The gavel raps sharply against the desk and the judges take their seats, signaling that court is now in session. A witness is called and takes the stand after being sworn in by the bailiff, and an attorney approaches to begin questioning. In room 913, the Pullman Trial is in full swing.

From Jan. 16 to 19, AP U.S. history students took on the roles of judges, bailiffs, jurors, witnesses and attorneys in order to carry out a mock trial based on an actual trial which took place in the 1890s.

History teacher Clint Madis, who has been facilitating the trial in his classes for 21 years, said that it has been an effective teaching tool.

“Simulations are very good for kids,” Madis said. “It varies the way they learn; they have more of a hands-on approach to learning. They’re able to apply their reasoning and thinking and analysis to making arguments, to creating sets, to staging, to public speaking, to all sorts of skills. All of this happening together is very vivid and rich, and students love it.”

Junior Charlotte Springer, a juror, said that the experience was both enjoyable and informative.

“I think it’s kind of cool to be put into a real life situation where you have to judge other people based on the stories that you’re given from both sides,” Springer said. “It’s a very realistic approach to how things work in real life, and you get a good idea of what would happen if you were called in for jury duty.”

Claire Werner, also a junior, said that the trial provided a change of pace from the typical curriculum and something to look forward to each day.

Werner said that Madis stepped back during the trial, giving her the opportunity to be a leader among her peers and take charge of the courtroom in her capacity as one of the judges, and Madis said that this is important for him to do in order to let make the trial effective for students.

“I’ve seen it 21 times,” Madis said. “They see it one time, so I can’t in any way interfere with their process.”

Junior Cian Portugal, who took on the role of witness George Pullman, said that the lack of intervention on Madis’ part put more pressure on the witnesses and gave greater weight to their testimony.

“[Madis] really just lets us do our own thing and leaves it up to us how it goes, which is kind of cool,” Portugal said. “It made what we did even more important because he wouldn’t come in and change it.”

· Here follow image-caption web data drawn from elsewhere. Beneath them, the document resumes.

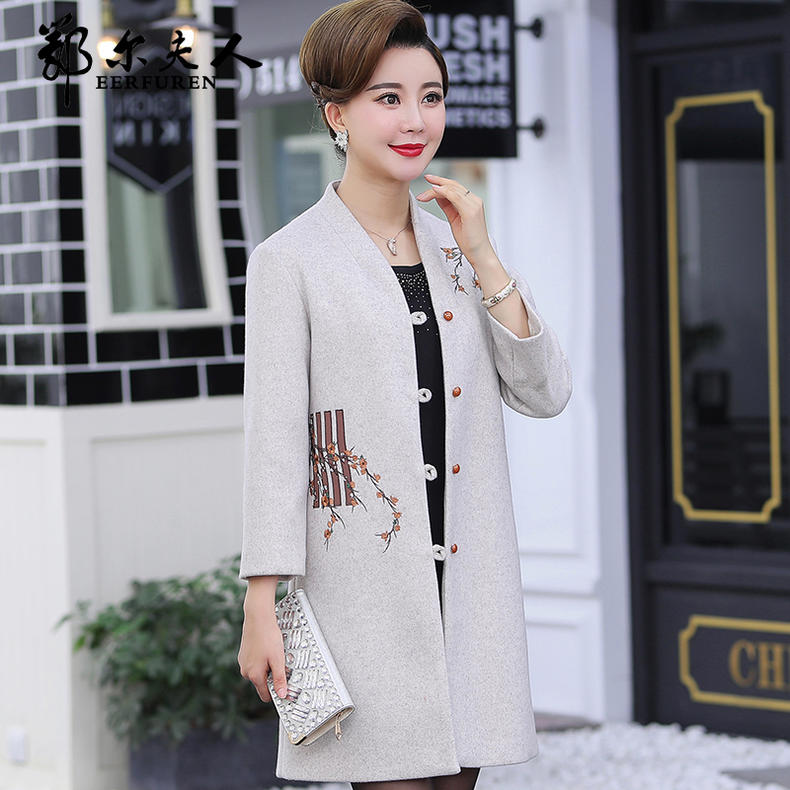 高档中老年女式秋装外套,妈妈装春装外套中老年女休闲外套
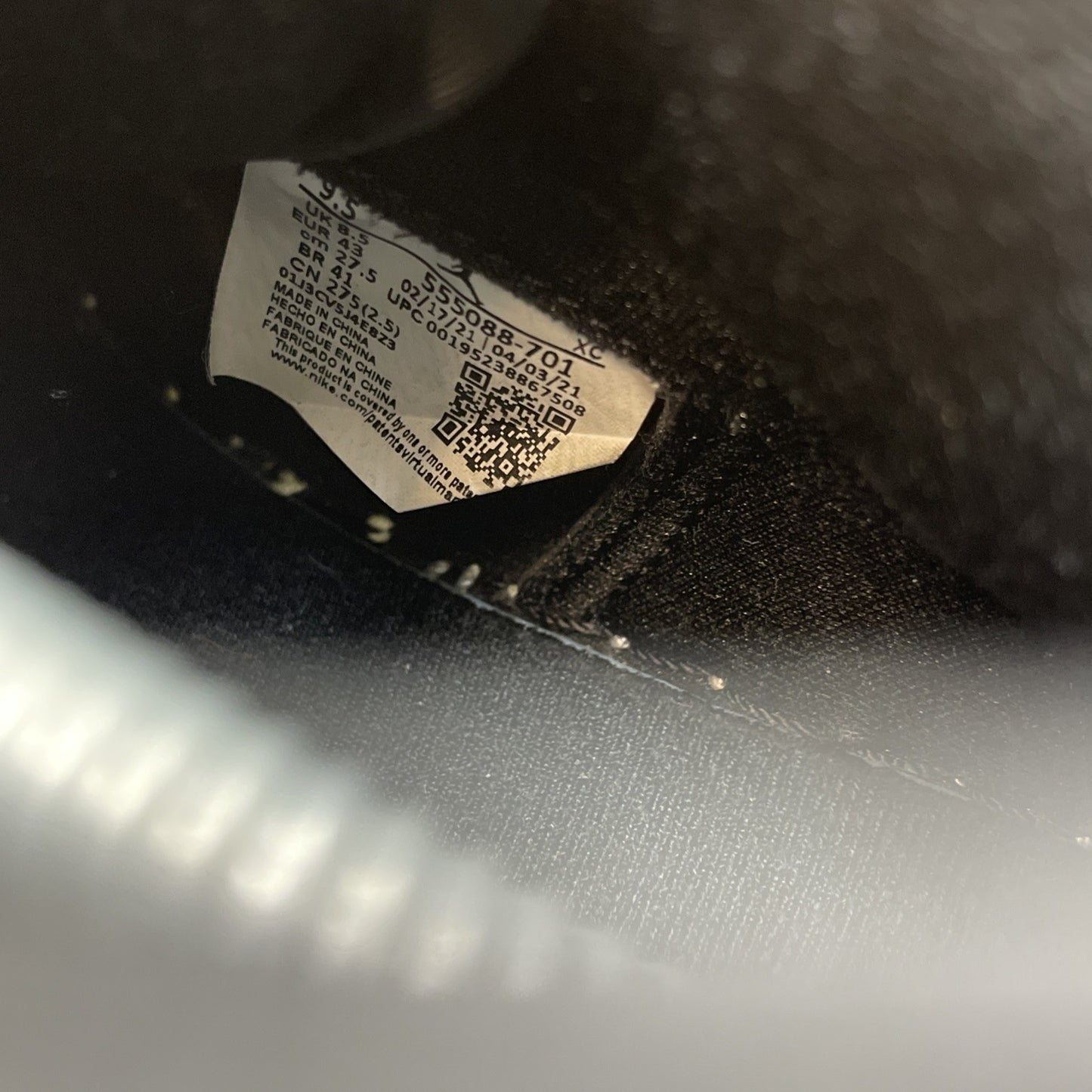 Size 9.5 - Jordan 1 Retro OG High Pollen Yellow Black Leather (555088-701)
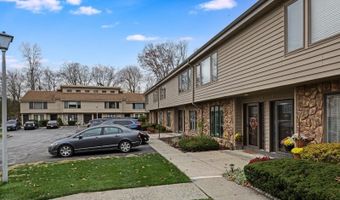 393 Mohegan Cir 393, Andover, NJ 07848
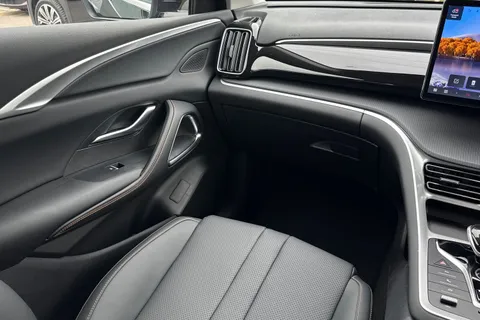  BYD Sealion 5 1.5 18.3kWh Design CVT Auto Euro 6 (s/s) 5dr Thumbnail #15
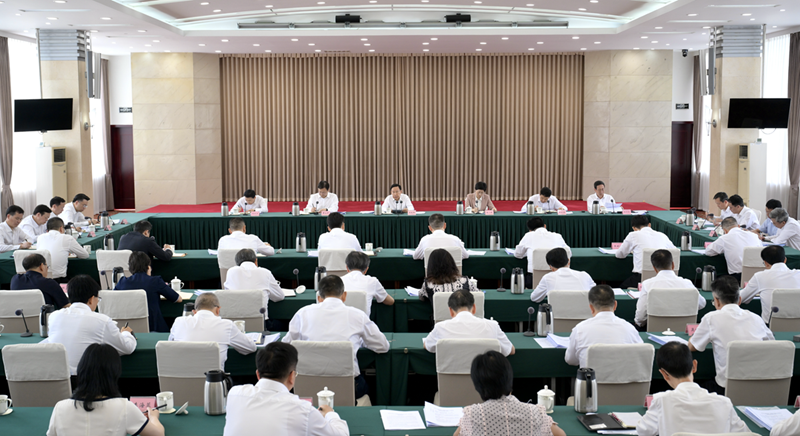 王晓晖主持召开省委专题会议强调
更好统筹资源力量赋能天府新区发展
加快打造新时代国家级新区高质量发展样板
施小琳讲话「相关图片」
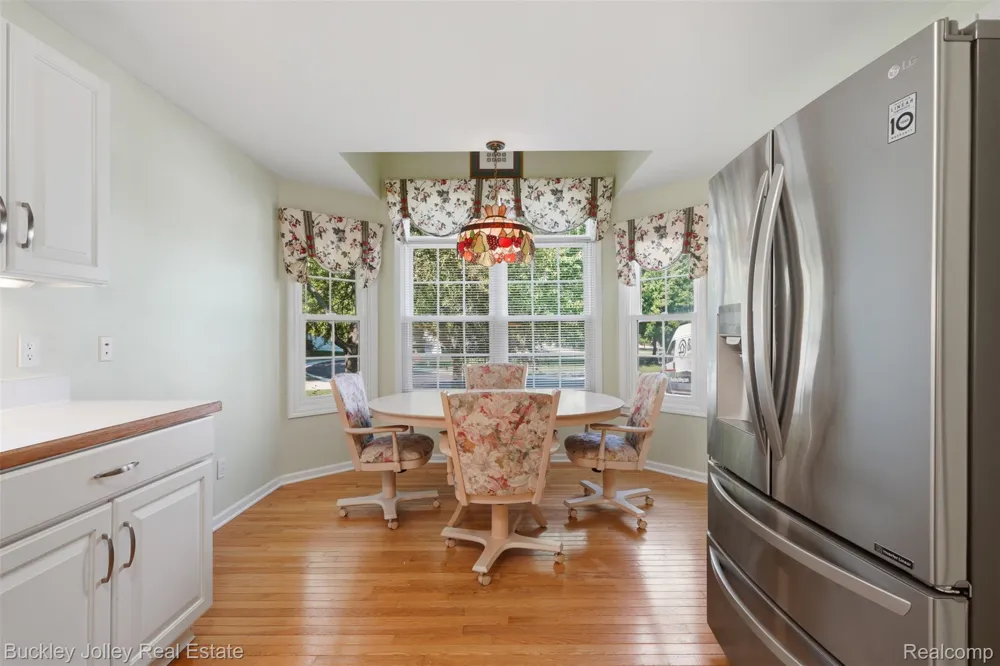 4784 New Haven Drive Genoa Township, MI 48843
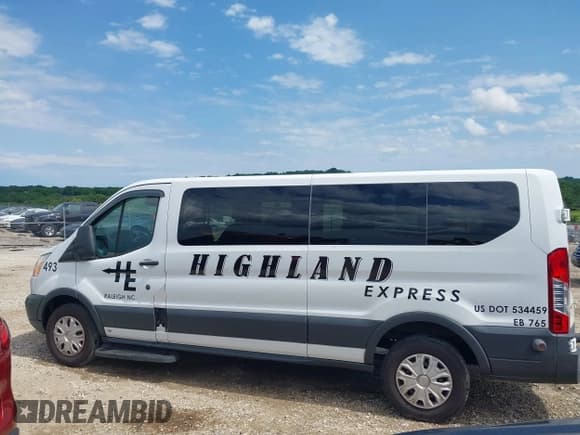 ✅ 2015 Ford Transit XL • VIN: 1FBZX2ZM8FKB22790 • Лот: 42282338. Опубликован ранее на IAAI с пробегом 617 939 миль. Бесплатный доступ к архиву аукционных продаж из США и подробный отчёт об истории автомобиля на DreamBid. Изображение 15.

One of the prosecuting attorneys, junior Jaeden Burdge, said that she enjoyed the competitive nature of the trial and the way the witnesses and attorneys worked together to mount a successful case.

“Your team of witnesses, when they realized they were going against someone else, you all bonded and teamed up. That was really fun for me and enjoyable, making new friends and strengthening bonds with people I already knew.”

Burdge was the third sibling from her family to participate in the Pullman trial, taking on the same role that both of her brothers did when they were in the class.

“I planned it,” Burdge said. “That was my first choice. I like to follow in my brothers’ footsteps.”

Junior Kira Twitchell, one of the defense attorneys, said that she was nervous going into the trial, but ended up enjoying the challenge it presented.

“The best part of it was the challenge of coming up with questions and comebacks and finding loopholes and trying to prove your point through the process of asking questions,” Twitchell said. “It was difficult to prove your point without just telling it because you had to come up with an argument through questions, through other people’s words. You didn’t know what they were going to say.”

Madis said that though the trial is difficult and asks a lot of students, they almost always rise to the occasion to make the trial a success.

“It’s fun to see them having so much fun, and for those students who are academically competitive, to see them really go for it, really embrace it and do a good job and make a great argument,” Madis said. “That is I think the best part of it for them, whether or not they win, because those are the qualities they need going forward in their lives, and it’s nice to see that in kids because I know that they’re going to have a good future.”